◆ **Supplied material**

───

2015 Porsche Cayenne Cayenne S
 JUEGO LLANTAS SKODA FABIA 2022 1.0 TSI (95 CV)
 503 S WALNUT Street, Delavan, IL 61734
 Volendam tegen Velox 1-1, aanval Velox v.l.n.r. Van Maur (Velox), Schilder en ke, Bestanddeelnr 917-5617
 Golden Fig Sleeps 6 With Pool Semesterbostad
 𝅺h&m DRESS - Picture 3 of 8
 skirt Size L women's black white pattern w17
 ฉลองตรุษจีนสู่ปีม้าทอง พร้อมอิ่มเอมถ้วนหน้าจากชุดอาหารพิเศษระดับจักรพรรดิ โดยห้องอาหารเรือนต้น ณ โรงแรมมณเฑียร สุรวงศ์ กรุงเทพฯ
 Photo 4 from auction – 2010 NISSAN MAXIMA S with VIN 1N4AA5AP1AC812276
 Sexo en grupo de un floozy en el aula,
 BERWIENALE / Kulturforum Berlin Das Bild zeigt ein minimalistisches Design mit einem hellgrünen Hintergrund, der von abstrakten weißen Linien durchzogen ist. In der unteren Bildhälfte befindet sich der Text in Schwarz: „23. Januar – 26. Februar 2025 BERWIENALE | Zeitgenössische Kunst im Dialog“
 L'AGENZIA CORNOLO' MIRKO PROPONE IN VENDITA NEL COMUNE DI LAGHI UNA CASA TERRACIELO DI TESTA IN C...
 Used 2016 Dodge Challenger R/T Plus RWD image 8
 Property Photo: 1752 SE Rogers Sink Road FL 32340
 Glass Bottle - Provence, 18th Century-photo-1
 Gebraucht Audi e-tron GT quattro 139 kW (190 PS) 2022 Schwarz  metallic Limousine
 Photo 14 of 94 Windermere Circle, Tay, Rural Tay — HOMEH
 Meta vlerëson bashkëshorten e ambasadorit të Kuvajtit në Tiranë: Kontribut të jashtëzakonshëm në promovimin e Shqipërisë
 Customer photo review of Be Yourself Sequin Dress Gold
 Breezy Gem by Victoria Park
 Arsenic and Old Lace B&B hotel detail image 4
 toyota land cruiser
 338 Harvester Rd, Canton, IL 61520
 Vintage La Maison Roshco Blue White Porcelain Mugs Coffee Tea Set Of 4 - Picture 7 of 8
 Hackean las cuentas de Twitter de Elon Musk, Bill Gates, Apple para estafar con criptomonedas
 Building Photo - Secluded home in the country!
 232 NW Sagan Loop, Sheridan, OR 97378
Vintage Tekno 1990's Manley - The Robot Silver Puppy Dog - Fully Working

───

◆ **Work task**
Set every record down again exactly as written.

◆ **Written answer**
2015 Porsche Cayenne Cayenne S
 JUEGO LLANTAS SKODA FABIA 2022 1.0 TSI (95 CV)
 503 S WALNUT Street, Delavan, IL 61734
 Volendam tegen Velox 1-1, aanval Velox v.l.n.r. Van Maur (Velox), Schilder en ke, Bestanddeelnr 917-5617
 Golden Fig Sleeps 6 With Pool Semesterbostad
 𝅺h&m DRESS - Picture 3 of 8
 skirt Size L women's black white pattern w17
 ฉลองตรุษจีนสู่ปีม้าทอง พร้อมอิ่มเอมถ้วนหน้าจากชุดอาหารพิเศษระดับจักรพรรดิ โดยห้องอาหารเรือนต้น ณ โรงแรมมณเฑียร สุรวงศ์ กรุงเทพฯ
 Photo 4 from auction – 2010 NISSAN MAXIMA S with VIN 1N4AA5AP1AC812276
 Sexo en grupo de un floozy en el aula,
 BERWIENALE / Kulturforum Berlin Das Bild zeigt ein minimalistisches Design mit einem hellgrünen Hintergrund, der von abstrakten weißen Linien durchzogen ist. In der unteren Bildhälfte befindet sich der Text in Schwarz: „23. Januar – 26. Februar 2025 BERWIENALE | Zeitgenössische Kunst im Dialog“
 L'AGENZIA CORNOLO' MIRKO PROPONE IN VENDITA NEL COMUNE DI LAGHI UNA CASA TERRACIELO DI TESTA IN C...
 Used 2016 Dodge Challenger R/T Plus RWD image 8
 Property Photo: 1752 SE Rogers Sink Road FL 32340
 Glass Bottle - Provence, 18th Century-photo-1
 Gebraucht Audi e-tron GT quattro 139 kW (190 PS) 2022 Schwarz  metallic Limousine
 Photo 14 of 94 Windermere Circle, Tay, Rural Tay — HOMEH
 Meta vlerëson bashkëshorten e ambasadorit të Kuvajtit në Tiranë: Kontribut të jashtëzakonshëm në promovimin e Shqipërisë
 Customer photo review of Be Yourself Sequin Dress Gold
 Breezy Gem by Victoria Park
 Arsenic and Old Lace B&B hotel detail image 4
 toyota land cruiser
 338 Harvester Rd, Canton, IL 61520
 Vintage La Maison Roshco Blue White Porcelain Mugs Coffee Tea Set Of 4 - Picture 7 of 8
 Hackean las cuentas de Twitter de Elon Musk, Bill Gates, Apple para estafar con criptomonedas
 Building Photo - Secluded home in the country!
 232 NW Sagan Loop, Sheridan, OR 97378
Vintage Tekno 1990's Manley - The Robot Silver Puppy Dog - Fully Working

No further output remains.